Before 1970, Beaver Creek in summer was a mandering channel winding its way through emerald vegetation. In the aquatic weeds lurked big trout, which enjoyed the cover, and their tiny offspring, which fed on the smorgasbord of life the vegetation shrouded.
Then the weeds disappeared.
Now Beaver Creek is just another ditch in the foothills. The state stocking truck comes every spring and fills the creek with hatchery trout; the people still get up before dawn on opening day and jerk the trout out.
Only a handful seem to notice the difference.
Trout Unlimited is working to find out what happened. The current theory is that the grass decline coincided with the advent of no-till farming, where herbicides are sprayed on farm fields and may kill aquatic weeds when they run off into the streams during rainstorms.
Maybe TU will figure it out.
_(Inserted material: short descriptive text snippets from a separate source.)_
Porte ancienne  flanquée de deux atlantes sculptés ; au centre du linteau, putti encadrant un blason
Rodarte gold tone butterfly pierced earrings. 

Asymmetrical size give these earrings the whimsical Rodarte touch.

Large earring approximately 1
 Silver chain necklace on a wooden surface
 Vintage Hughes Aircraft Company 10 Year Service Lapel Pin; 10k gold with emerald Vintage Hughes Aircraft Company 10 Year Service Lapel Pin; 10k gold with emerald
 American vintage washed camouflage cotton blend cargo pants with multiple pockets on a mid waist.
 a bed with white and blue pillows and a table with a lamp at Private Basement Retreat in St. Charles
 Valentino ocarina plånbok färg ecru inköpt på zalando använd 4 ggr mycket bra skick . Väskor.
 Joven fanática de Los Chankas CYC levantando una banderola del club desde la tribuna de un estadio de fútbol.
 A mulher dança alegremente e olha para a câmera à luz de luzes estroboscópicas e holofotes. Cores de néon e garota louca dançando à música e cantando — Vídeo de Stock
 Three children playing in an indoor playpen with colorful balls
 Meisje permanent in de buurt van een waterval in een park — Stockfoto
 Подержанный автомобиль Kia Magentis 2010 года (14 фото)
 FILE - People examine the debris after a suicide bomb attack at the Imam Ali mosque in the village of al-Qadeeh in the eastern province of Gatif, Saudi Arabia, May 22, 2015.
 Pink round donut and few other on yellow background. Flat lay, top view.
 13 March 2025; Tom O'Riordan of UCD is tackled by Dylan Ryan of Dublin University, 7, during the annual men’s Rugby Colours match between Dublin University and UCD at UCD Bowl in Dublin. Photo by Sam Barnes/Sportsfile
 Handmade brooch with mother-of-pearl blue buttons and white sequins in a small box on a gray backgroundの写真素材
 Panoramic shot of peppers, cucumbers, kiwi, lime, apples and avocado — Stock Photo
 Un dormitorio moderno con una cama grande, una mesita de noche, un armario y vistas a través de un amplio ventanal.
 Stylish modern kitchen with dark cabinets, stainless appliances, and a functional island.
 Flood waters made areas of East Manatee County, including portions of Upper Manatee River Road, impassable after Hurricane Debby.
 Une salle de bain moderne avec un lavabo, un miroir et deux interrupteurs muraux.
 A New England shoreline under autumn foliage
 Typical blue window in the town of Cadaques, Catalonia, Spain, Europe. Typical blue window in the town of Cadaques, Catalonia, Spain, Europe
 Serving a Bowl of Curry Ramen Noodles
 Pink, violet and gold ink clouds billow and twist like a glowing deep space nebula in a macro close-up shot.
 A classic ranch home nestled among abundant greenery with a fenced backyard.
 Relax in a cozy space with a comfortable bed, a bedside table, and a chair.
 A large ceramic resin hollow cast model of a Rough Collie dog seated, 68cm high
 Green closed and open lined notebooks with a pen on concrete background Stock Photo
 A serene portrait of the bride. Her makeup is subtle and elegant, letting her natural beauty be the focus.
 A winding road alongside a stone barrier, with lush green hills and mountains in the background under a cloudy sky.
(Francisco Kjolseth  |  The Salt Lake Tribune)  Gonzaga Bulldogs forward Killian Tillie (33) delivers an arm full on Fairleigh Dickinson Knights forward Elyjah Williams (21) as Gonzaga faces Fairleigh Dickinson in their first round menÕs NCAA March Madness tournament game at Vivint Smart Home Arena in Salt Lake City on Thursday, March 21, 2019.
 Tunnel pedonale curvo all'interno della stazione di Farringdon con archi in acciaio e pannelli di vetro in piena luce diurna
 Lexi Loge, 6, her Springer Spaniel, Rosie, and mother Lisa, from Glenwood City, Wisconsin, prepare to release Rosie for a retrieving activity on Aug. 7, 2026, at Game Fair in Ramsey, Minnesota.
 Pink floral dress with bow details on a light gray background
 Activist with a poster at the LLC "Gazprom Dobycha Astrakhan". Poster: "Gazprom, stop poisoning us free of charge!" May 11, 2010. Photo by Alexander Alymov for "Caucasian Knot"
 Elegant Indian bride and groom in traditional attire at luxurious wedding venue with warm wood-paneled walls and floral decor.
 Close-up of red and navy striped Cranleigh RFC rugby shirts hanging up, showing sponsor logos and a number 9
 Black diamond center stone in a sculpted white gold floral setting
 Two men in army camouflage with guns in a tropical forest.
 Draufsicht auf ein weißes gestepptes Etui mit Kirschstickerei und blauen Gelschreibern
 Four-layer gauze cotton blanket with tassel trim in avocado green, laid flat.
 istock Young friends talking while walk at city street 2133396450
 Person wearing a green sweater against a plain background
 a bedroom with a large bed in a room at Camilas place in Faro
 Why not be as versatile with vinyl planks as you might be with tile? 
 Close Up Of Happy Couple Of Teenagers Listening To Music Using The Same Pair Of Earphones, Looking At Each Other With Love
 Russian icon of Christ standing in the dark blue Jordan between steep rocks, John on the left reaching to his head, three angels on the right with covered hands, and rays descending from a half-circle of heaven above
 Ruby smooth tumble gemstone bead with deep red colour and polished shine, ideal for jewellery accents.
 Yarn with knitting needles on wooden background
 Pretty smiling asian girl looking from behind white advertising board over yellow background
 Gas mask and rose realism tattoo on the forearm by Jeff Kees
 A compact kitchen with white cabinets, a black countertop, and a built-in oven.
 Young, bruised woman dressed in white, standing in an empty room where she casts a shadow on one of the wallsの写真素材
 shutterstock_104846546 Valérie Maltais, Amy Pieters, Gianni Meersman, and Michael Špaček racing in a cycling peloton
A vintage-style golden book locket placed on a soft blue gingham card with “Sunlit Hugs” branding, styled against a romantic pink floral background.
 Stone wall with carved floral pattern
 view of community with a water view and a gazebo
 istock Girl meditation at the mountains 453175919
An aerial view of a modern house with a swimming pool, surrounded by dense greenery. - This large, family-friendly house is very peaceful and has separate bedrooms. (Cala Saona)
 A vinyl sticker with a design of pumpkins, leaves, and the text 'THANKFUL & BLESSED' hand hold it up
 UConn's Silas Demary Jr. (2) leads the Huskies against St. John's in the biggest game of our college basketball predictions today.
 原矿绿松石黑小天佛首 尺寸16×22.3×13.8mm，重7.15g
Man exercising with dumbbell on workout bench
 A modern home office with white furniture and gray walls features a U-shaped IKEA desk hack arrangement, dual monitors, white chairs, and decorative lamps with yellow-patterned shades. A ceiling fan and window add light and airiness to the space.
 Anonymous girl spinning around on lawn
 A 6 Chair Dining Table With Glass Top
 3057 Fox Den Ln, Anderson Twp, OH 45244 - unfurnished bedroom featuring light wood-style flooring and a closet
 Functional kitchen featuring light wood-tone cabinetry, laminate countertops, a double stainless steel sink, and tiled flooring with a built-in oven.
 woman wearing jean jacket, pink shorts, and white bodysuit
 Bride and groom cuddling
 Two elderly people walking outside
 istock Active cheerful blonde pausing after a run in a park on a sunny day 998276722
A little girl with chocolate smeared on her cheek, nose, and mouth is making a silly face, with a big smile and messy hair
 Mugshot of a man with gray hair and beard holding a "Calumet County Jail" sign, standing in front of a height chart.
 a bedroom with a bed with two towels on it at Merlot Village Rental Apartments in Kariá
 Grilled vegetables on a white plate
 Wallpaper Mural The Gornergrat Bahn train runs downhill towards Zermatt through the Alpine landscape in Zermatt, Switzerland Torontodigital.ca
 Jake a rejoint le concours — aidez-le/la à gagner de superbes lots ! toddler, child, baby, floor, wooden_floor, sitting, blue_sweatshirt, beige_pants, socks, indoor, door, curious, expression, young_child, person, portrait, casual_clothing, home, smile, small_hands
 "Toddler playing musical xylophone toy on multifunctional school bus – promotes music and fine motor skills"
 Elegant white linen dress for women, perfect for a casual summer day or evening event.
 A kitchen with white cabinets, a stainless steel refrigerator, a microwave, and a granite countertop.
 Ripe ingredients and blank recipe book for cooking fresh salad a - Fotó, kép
Maybe there still will be time to reverse the trend. Then again, maybe not.
That's the sorry side of this tale. Now for the sublime.
My role at Beaver Creek was to ask fishermen how they'd done and what they thought of the creek. It was part of a state census. The survey was supposed to take all morning but there were so many early departures because of the snow that we had all we needed by 8. We went fishing.
One in our party, the one who remembered the old Beaver Creek, knew of a tiny stream nearby where there were naturally reproducing rainbow trout, a rarity in the East.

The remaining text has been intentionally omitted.